On Fri, Jul 22, 2016 at 02:18:54AM +0200, Rafael J. Wysocki wrote:
My thinking was that one of these two would be preferable:
- Forcing ->target() drivers to install a ->resolve_freq callback, enforcing this at cpufreq driver init time.
That would have been possible, but your series didn't do that.
My understanding is ->target() drivers are deprecated anyway
No, they aren't.
Ok. I didn't follow Documentation/cpu-freq/cpu-drivers.txt section 1.5 then - it suggests something about target() is deprecated, perhaps it's out of date.
There simply are cases in which frequency tables are not workable (like the ACPI CPPC one).
Sure that makes sense.
and theren't aren't many of them, though I don't know offhand exactly how many or how hard it would be to do for each one.
- Forcing callers (schedutil in this case) to check that either ->target() or ->resolve_freq() is implemented. It means catching and scrutinizing future callers of resolve_freq.

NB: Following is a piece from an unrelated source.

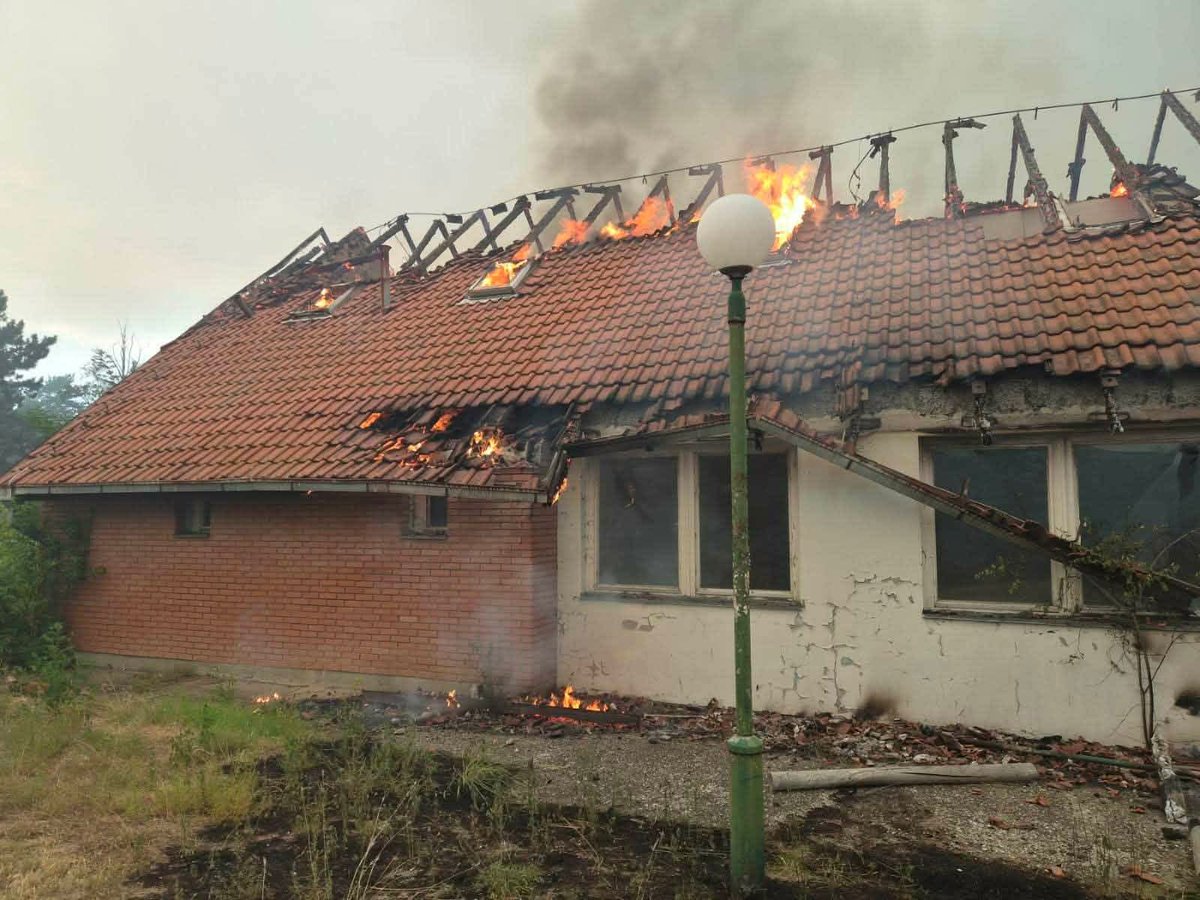StaBreKojeReko1's tweet photo. Čardak, Deliblatska peščara... ode još jedan deo detinjstva 😢 https://t.co/fF0THjAzoA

But that doesn't reduce the number of checks in cpufreq_driver_resolve_freq().
There still are three choices in there: return a frequency from the table (if present), or call ->resolve_freq (if implemented), or return target_freq (as the last resort).
Sorry, that should've been "check that either ->target_index() or ->resolve_freq() is implemented."
Implementing resolve_freq for the target() drivers and requiring it at driver init time is probably the better way to go though. Perhaps I can work on this at some point.